Pihak BEM UGM menegaskan bahwa seluruh tuduhan tersebut adalah hoaks dan merupakan upaya sistematis untuk membungkam suara kritis mahasiswa melalui stigma negatif.
Teror Menyasar Keluarga di Desa
Hal yang paling memprihatinkan dari rangkaian kejadian ini adalah keterlibatan pihak keluarga sebagai target teror. Ibu kandung Tiyo yang menetap di desa dilaporkan mendapatkan pesan singkat (WhatsApp) dari nomor-nomor misterius pada tengah malam.
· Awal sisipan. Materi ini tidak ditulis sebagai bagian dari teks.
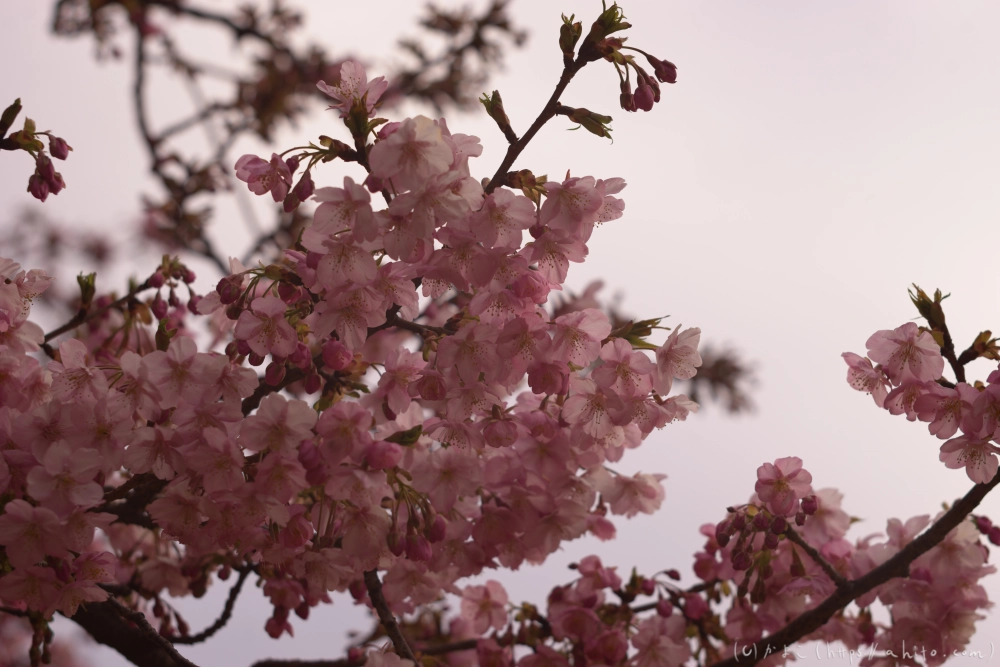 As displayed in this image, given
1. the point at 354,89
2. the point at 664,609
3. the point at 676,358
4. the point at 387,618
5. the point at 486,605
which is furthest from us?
the point at 486,605

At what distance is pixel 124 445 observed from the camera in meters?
2.01

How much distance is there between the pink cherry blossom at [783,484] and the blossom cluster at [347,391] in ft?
1.10

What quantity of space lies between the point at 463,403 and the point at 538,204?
54cm

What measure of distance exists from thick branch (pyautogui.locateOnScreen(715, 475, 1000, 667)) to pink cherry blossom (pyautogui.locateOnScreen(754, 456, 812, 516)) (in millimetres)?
365

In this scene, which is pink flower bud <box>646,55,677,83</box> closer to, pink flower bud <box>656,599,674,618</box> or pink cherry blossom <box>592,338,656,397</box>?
pink cherry blossom <box>592,338,656,397</box>

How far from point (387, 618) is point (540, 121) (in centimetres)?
143

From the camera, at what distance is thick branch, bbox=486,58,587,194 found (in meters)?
1.91

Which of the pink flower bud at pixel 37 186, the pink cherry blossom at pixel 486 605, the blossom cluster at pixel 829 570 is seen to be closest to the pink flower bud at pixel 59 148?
the pink flower bud at pixel 37 186

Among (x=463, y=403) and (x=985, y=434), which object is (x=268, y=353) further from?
(x=985, y=434)

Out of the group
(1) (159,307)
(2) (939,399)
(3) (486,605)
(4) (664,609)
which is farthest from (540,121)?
(3) (486,605)

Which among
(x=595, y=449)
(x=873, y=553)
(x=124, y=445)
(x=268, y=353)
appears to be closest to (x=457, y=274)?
(x=268, y=353)

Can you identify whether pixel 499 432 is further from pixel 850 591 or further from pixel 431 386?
pixel 850 591

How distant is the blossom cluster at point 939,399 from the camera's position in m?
1.89

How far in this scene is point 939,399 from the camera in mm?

Pesan tersebut berisi intimidasi dan tuduhan bahwa anaknya telah melakukan tindakan kriminal berupa penilapan uang mahasiswa. Pola ini dinilai sebagai bentuk tekanan psikologis yang sangat berat, di mana pelaku mencoba menyerang titik lemah aktivis melalui kekhawatiran orang tua.
Upaya Pembungkaman Suara Kritis
Menanggapi situasi ini, BEM UGM menyatakan bahwa teror digital ini adalah bukti nyata adanya represi terhadap kebebasan berpendapat. Penggunaan bot atau akun anonim untuk menyebarkan fitnah personal (doxing dan cyberbullying) kini menjadi pola umum yang dihadapi aktivis mahasiswa saat berhadapan dengan isu-isu sensitif nasional.
Meskipun mendapatkan tekanan hebat, pihak mahasiswa menyatakan tidak akan mundur dalam menjalankan fungsi kontrol sosial terhadap kebijakan pemerintah yang dianggap tidak berpihak pada rakyat atau tidak transparan dalam pelaksanaannya.
Hingga saat ini, dukungan dari kalangan akademisi dan organisasi sipil terus mengalir untuk Ketua BEM UGM, mendesak perlindungan terhadap hak digital dan keamanan bagi setiap warga negara yang menyampaikan kritik secara sah.